[Date Prev]
| [Thread Prev]
| [Thread Next]
| [Date Next]
--
[Date Index]
| [Thread Index]
Re: [xml-dev] Approaches to Expanding the Semantics of a Community'sSelf-Interested XML Vocabulary
- From: Paul Tyson <phtyson@sbcglobal.net>
- To: "Costello, Roger L." <costello@mitre.org>
- Date: Wed, 21 Nov 2007 21:30:03 -0600
As Stephen Green mentioned in another reply, a promising approach goes
through RDF. I recently stumbled onto this approach while working on a
completely different problem, and I haven't worked out many details. I
am interested to hear what other people are doing in this area.

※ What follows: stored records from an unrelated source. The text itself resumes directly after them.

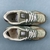 New Balance 990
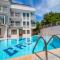 Castello Hotel & Aparts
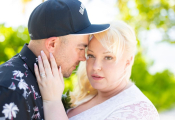 punta-cana-elopement-wedding-36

I focus on translating instances into RDF graphs. So far I've looked at
the Infoset RDF (http://www.w3.org/TR/xml-infoset-rdfs), a simple
late-bound vocabulary to describe the structure of an XML instance. A
trivial XSLT stylesheet will convert any XML instance to an RDF/XML
representation of its infoset RDF graph. Then you can query or analyze
it using RDF tools--for instance, a sparql query. You could even use the
sparql CONSTRUCT query to do simple transformations of subgraph patterns.
But, more to your use case. Suppose you translated instances from two
different communities into infoset RDF/XML. Then you add assertions to
state the conditions under which subgraphs from the different instances
will be considered "the same". Simple ontology reasoners could produce
merged output, or answer any questions you want to ask of the system.

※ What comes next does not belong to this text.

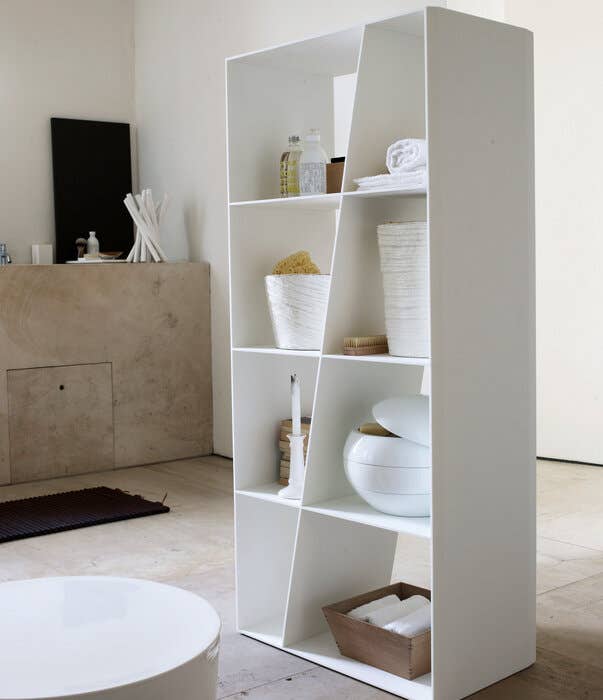 Shelf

This is really just a sophisticated translation system, but it occurs
more in the ontological layer than in the semantic and structural layers
of XML. And it seems like it would be more powerful because it can be
augmented with assertions from any source.

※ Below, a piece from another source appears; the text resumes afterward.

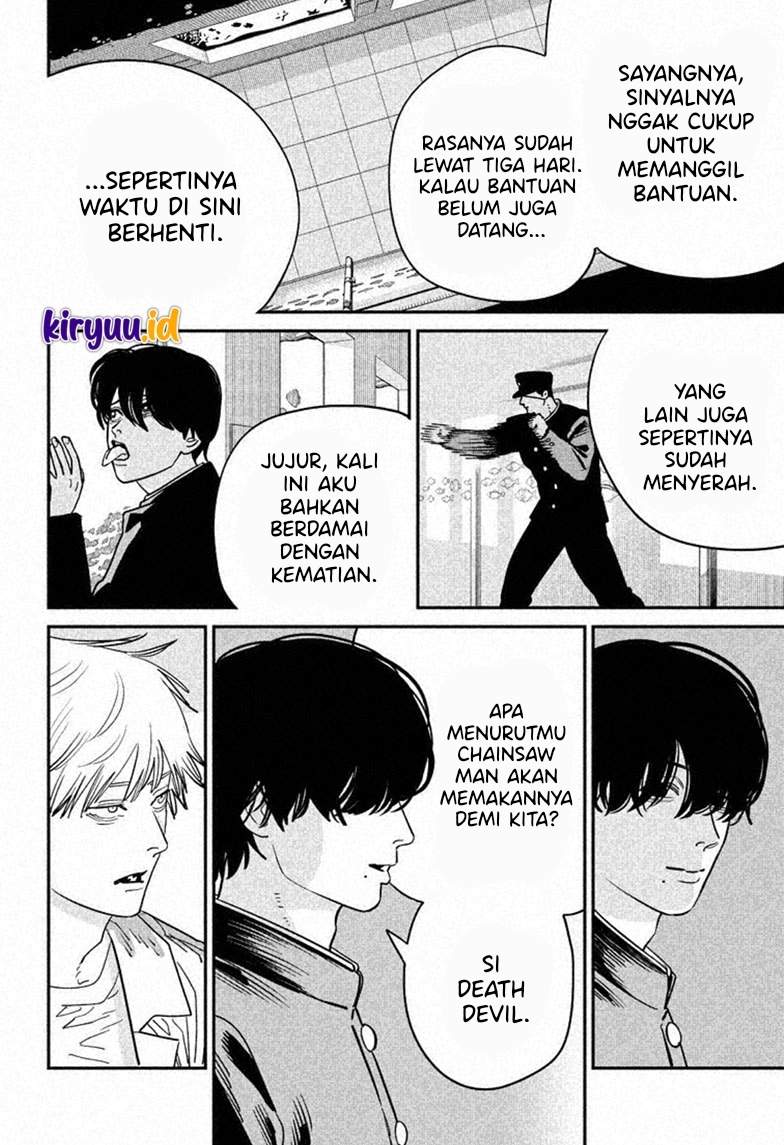 Chapter 115 - halaman 9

The reverse translation, from RDF to XML instance, would be only
slightly more challenging. A rough-and-ready approach would be to
process XML sparql results using XSLT. But a dedicated RDF application
would be better.
The late-bound infoset RDFS vocabulary will not be suitable for all
cases. It would be nice to have a standard early-bound infoset
vocabulary that used the XML schema terms as an RDFS vocabulary (with
prescribed transliteration where necessary). Of course, it is trivial
to convert between the two forms, but it seems best to have both forms
standardized so applications can be developed using whichever one is
most suitable.
--Paul Tyson
Costello, Roger L. wrote:
>Hi Folks,
>
>I am documenting the different approaches for extending the semantics
>of a community's tag-set. I seek your thoughts on this topic.
>
>Let me start with an example to illustrate what I mean by "extending
>the semantics of a community's tag-set."
>
>EXAMPLE
>
>Community #1 has defined a set of tags for expressing a person's
>contact information. Here's an XML document that shows their XML
>vocabulary:
>
><?xml version="1.0" encoding="UTF-8"?>
><Point-of-Contact>
> <Name>John Smith</Name>
> <Address>
> <Street>10 Tremont St.</Street>
> <City>Boston</City>
> <State>MA</State>
> </Address>
> <Telephone>617-123-4567</Telephone>
></Point-of-Contact>
>
>Everyone in Community #1 understands the semantics of this collection
>of tags, so within their community they merrily interoperate.
>
>INTEROPERATING WITH OTHER COMMUNITIES
>
>At some point in time, Community #1 recognizes that to grow and thrive
>they must extend beyond their little island of members and must
>interact with other communities. Unfortunately for Community #1, those
>other communities use different tags to represent a person's contact
>information.
>
>Below are 3 approaches that Community #1 may take to bridge the gap
>with the other communities.
>
>1. OUT-OF-BAND SEMANTIC RESOLUTION
>
>The first approach is for Community #1 to leave their XML documents
>intact, as they are, and to bridge the gap by building a translator --
>for example, an XSLT stylesheet that maps Community #1's tag-set to
>Community #2's tag-set (and a translator to Community #3, #4, and so
>forth)
>
>Advantages
>
>a. No impact to the XML documents exchanged within Community #1.
>
>Disadvantages
>
>a. Lots of translators need to be built and maintained ($$).
>
>2. MIMIC THE HTML MODEL FOR EXTENDING SEMANTICS
>
>The HTML specification says that the class attribute may be used for
>"general user agent processing."[1] So, by adding class names to
>elements, authors are able to expand the semantics of the language.
>
>Let's see how Community #1 can exploit this idea of using class
>attributes to extend the semantics of their elements. Suppose that
>Community #1 knows that some other communities use the vcard
>specification[2] for representing a person's contact information.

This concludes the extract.